PROBLEM STATEMENT
Copy out exactly the lines spanning the line with "Navaris Poggiamestolo Marmo" to the line with "Sterling Silver Drop", inclusive, from the data underneath, with no pictures.

MATERIAL TO PROCESS
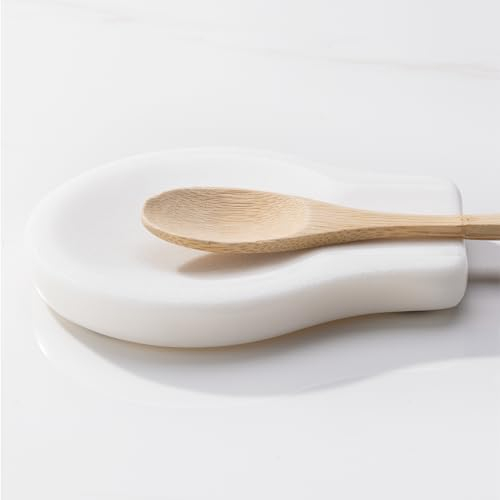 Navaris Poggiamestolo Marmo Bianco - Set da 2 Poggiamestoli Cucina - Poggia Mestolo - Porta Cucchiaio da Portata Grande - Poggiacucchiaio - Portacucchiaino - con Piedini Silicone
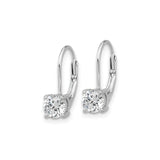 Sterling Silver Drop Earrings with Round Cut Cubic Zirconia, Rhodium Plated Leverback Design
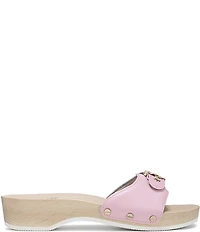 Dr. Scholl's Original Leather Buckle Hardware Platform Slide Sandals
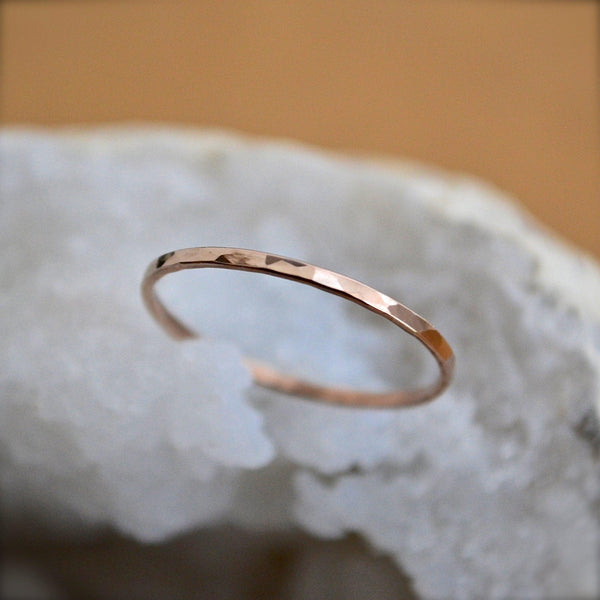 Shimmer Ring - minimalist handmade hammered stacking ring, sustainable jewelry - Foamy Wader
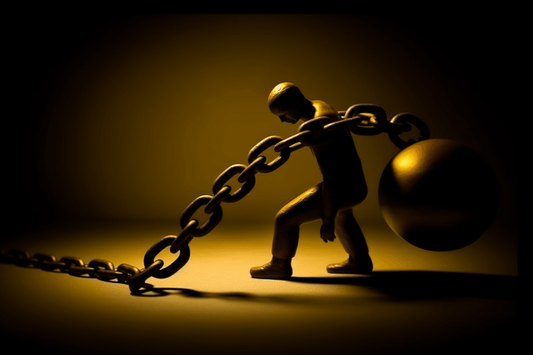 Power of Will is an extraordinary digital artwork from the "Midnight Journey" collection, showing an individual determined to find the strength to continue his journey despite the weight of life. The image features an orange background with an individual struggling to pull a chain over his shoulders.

---

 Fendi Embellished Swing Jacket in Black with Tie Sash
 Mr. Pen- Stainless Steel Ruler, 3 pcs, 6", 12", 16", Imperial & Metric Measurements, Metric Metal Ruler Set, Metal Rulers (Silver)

--

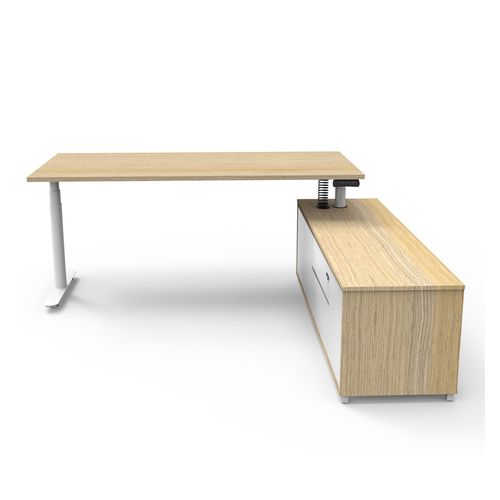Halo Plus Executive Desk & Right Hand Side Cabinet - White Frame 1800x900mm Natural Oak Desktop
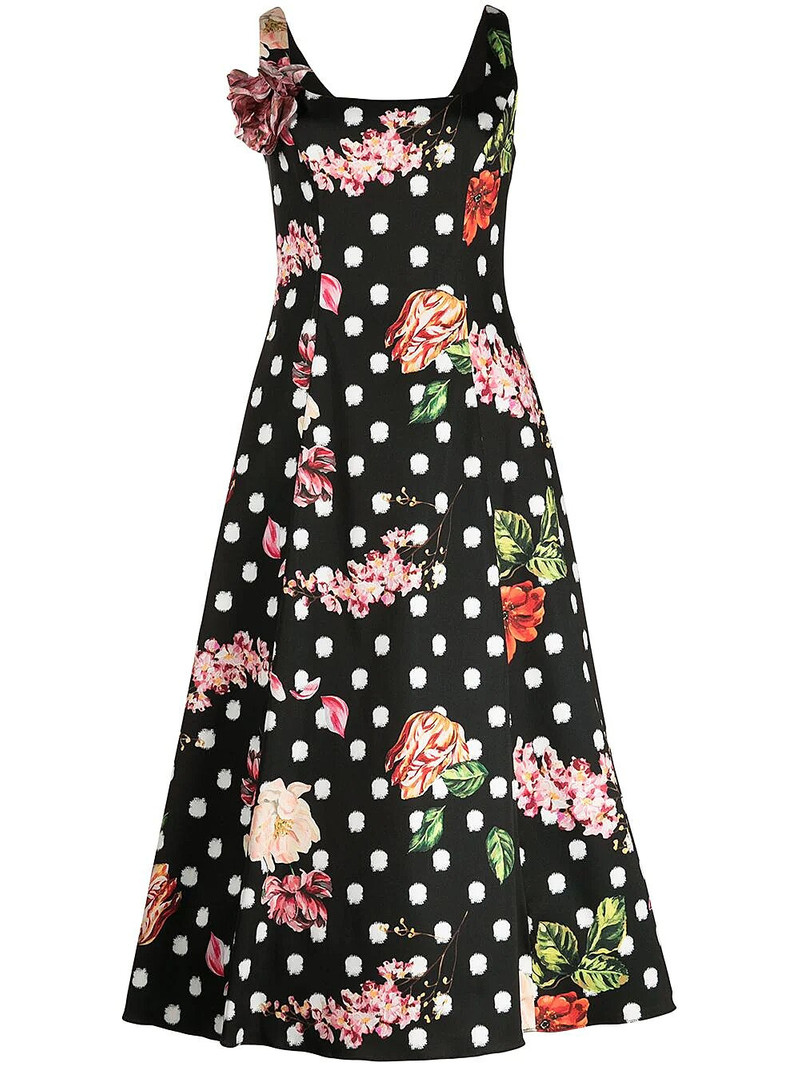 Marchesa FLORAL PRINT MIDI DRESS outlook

WRITTEN REPLY
 Navaris Poggiamestolo Marmo Bianco - Set da 2 Poggiamestoli Cucina - Poggia Mestolo - Porta Cucchiaio da Portata Grande - Poggiacucchiaio - Portacucchiaino - con Piedini Silicone
 Sterling Silver Drop Earrings with Round Cut Cubic Zirconia, Rhodium Plated Leverback Design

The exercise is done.